A UNICEF, em parceria com a República da Coreia, anunciou um financiamento de 3,01 milhões de dólares para apoiar o Governo de Angola na expansão do Programa Nacional de Imunização, numa iniciativa que combina impacto social com ganhos económicos de médio e longo prazo.
O investimento está alinhado com a Estratégia Nacional de Imunização 2026–2030 e procura reduzir o número de crianças sem vacinação (“zero dose”), ao mesmo tempo que fortalece a capacidade de resposta a surtos. Para o ambiente económico, a melhoria dos indicadores de saúde pública representa um factor crítico na redução de custos sistémicos, aumento da produtividade e reforço da estabilidade social elementos chave para atrair investimento.
A operação prevê intervenções em 12 províncias prioritárias, com a meta de alcançar cerca de 480 mil crianças em 2026, através de campanhas intensivas e reforço da vacinação de rotina. Para o sector empresarial, estes números traduzem-se em ganhos indirectos relevantes, ao reduzir o absentismo futuro e melhorar a qualidade do capital humano disponível no mercado.

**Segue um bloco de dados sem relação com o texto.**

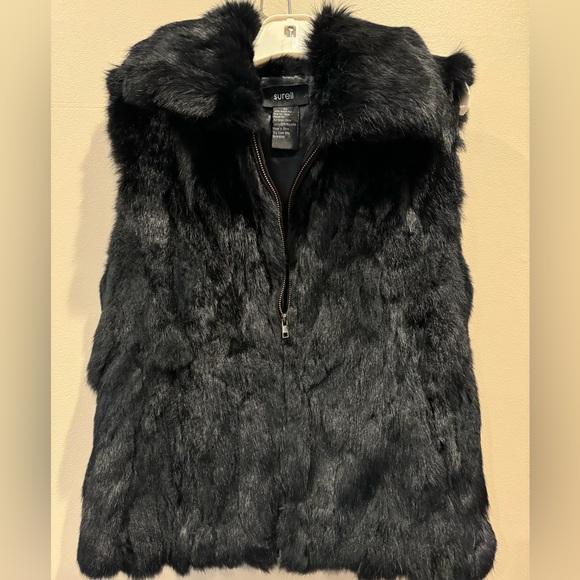 Rabbit Fur Vest- Surrel - Picture 3 of 4
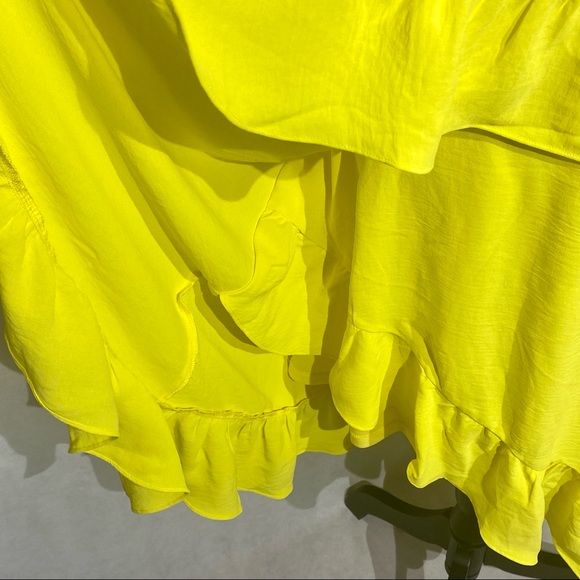 Laundry NWT By Shelli Segal Short Sleeve,V-Neck Ruffled Asymmetrical Hem Yellow - Picture 6 of 15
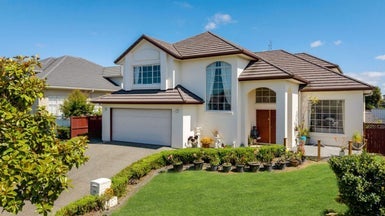 35 Claremont Way, East Tamaki Heights, Auckland - Carousel 1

Parte significativa do financiamento será canalizada para a logística e infra-estrutura, incluindo a instalação de 60 frigoríficos solares, aquisição de motorizadas e triciclos de carga, e formação de mais de 1.000 agentes comunitários e técnicos de saúde. Este reforço operacional evidencia a importância da cadeia de distribuição e gestão eficiente de recursos, um ponto crítico frequentemente negligenciado em programas públicos.
Do ponto de vista estratégico, a parceria com a Coreia do Sul reforça o posicionamento de Angola em redes de cooperação internacional, mas também levanta o desafio de garantir sustentabilidade após o financiamento externo. A capacidade de internalizar competências, manter infra-estruturas e assegurar continuidade operacional será determinante para transformar este investimento em resultados duradouros.

Num contexto de crescente pressão sobre sistemas de saúde em economias emergentes, a iniciativa destaca-se como um exemplo de como investimentos relativamente moderados podem gerar retornos económicos amplos, desde a melhoria do bem-estar social até ao fortalecimento das bases para um crescimento mais inclusivo e sustentável.